If a user doesn't have permission to view the associated asset, they won't be able to download the file, even if they have a direct link to it.
## File Metadata and Tracking
Each uploaded file is represented as a `dataHubFile` entity in DataHub, which stores:
- **File type**: The MIME type of the uploaded file
- **File size**: Size in bytes
- **Original filename**: The name of the file when it was uploaded
- **Upload context**: The entity (asset or column) where the file was added
This metadata enables future features like file search, usage tracking, and cleanup of orphaned files.
## Best Practices
When using file uploads in your documentation:
- **Use descriptive filenames**: Original filenames are preserved, making it easier to identify files later
- **Optimize image sizes**: Large images may take longer to load; consider resizing before upload
- **Provide context**: Add text descriptions around images to explain what users are seeing
- **Consider alternatives for large files**: For very large files, consider linking to external storage rather than uploading directly
- **Review permissions**: Ensure your S3 role and bucket permissions are configured correctly before enabling this feature for users
## Troubleshooting
### Files Not Uploading
If files fail to upload, check:
- Your `DATAHUB_BUCKET_NAME` is set correctly and the bucket exists
- Your `DATAHUB_ROLE_ARN` is valid and points to an existing role
- The trust relationship on your AWS role permits your DataHub GMS to assume it
- The role has necessary S3 permissions (`s3:PutObject`)

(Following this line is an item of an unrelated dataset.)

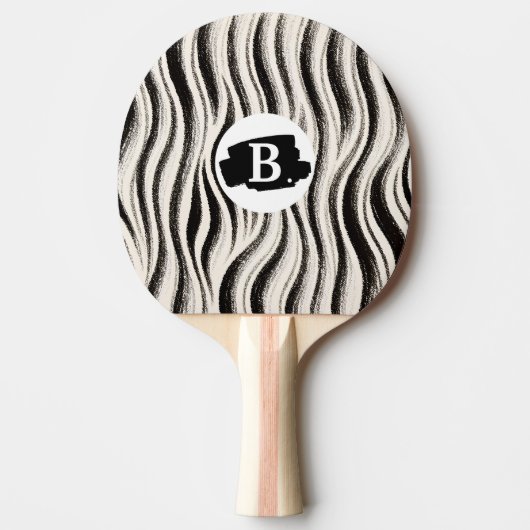 Custom Zebra Stripe Ping Pong Paddle 卓球ラケット (正面)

- Ensure that your S3 bucket has a CORS policy set to accept uploads from your host URL
### Files Not Downloading
If users cannot download files, verify:
- Users have permission to view the asset where the file was uploaded
- Your AWS role has `s3:GetObject` permissions on the bucket
- The file still exists in S3 (hasn't been manually deleted)
### Authentication Issues
If you see AWS authentication errors:
- Confirm your DataHub instance is deployed on AWS
- Verify the trust relationship configuration on your AWS role
- Check that your GMS service has the necessary AWS credentials or instance profile
## Next Steps
Now that you understand how to use file uploads in documentation:
- **Configure your environment**: Set up the required S3 bucket and AWS role
- **Test with images**: Start by uploading images to asset documentation to see how inline display works
- **Train your team**: Show data owners and stewards how to enrich their documentation with visual aids
- **Monitor usage**: Keep an eye on your S3 bucket to understand storage needs
- **Stay tuned**: Watch for upcoming features like PDF previews and additional file type support
File uploads are designed to make your DataHub documentation more comprehensive and user-friendly, helping your organization build a richer, more informative data catalog.